Closed mattsmithuk closed 1 month ago
That sounds like the llama-cpp-python extension is failing to load because the CPU doesn't support one of the required instructions. Can you provide some information about what hardware you are using? x86 vs arm, does it support AVX or FMA?
You can try building your own wheel on the docker host using the scripts in the /dist folder of this repo.
Closing because not enough info
I'm having this issue too on a Synology DS220+, 10GB DDR4, Intel Celeron J4025 (possibly x86?)
I'm having this issue too on a Synology DS220+, 10GB DDR4, Intel Celeron J4025 (possibly x86?)
Ok a quick google search shows that CPU does not support AVX extensions. This means we need to provide an non-AVX, AVX, and AVX512 builds for x86 wheels and then pick the appropriate one at install time based on the features reported by the CPU.
Is this hard to do and would it be worth the effort? As in, would the CPU (or NAS in general) even be able to efficiently run the LLM?
Is this hard to do and would it be worth the effort? As in, would the CPU (or NAS in general) even be able to efficiently run the LLM?
Hard? No. Llama.cpp already supports easily building those variants out of the box and I was able to get it added to the Github actions builds for this repo last night. Should be included in the next release.
Able to run on a NAS? Actually yes. You don't need a giant model to handle common household requests. I have been messing with fine-tuning the new TinyLllama 1.1B releases (will probably be Home-1B-v3) and have been able to get a model that is really accurate and responds in 3-5 seconds on a Raspberry Pi 5 using the new prompt caching feature in the integration. "Prompt Caching" pre-processes your house state in the background and Llama.cpp caches the results so that the model is ready to respond to your request when it comes in.
Also some recent changes to Llama.cpp should drastically speed up the prompt processing (~20x increase on fp16 and ~10x increase on q_8) that will get pulled into this project once they make it into llama-cpp-python.
That's awesome to hear. I was actually just about to switch my HA setup from that NAS to a Pi 5 so good to know it'll still perform well on there (hopefully even better). When do you anticipate the next release to be built and ready for download?

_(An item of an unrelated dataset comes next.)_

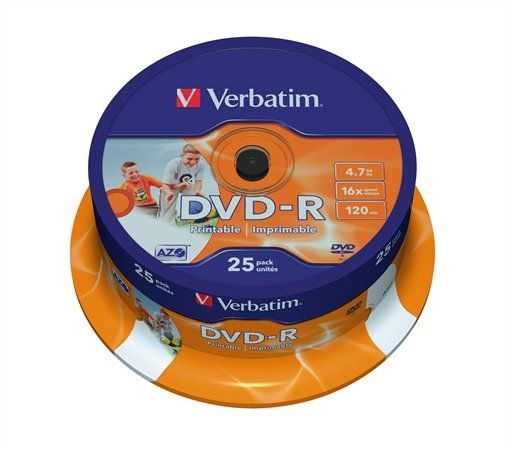 DVD-R lemez, nyomtatható, matt, ID, 4,7GB, 16x, hengeren, VERBATIM fotó, illusztráció : VERBATIM-43538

That's awesome to hear. I was actually just about to switch my HA setup from that NAS to a Pi 5 so good to know it'll still perform well on there (hopefully even better). When do you anticipate the next release to be built and ready for download?
At least a week. Need to wait for the updates to make it into a llama-cpp-python release
Just to check, does this current model work on Pi 5 or do I need to wait for the new update that includes(?) ARM and x86 support?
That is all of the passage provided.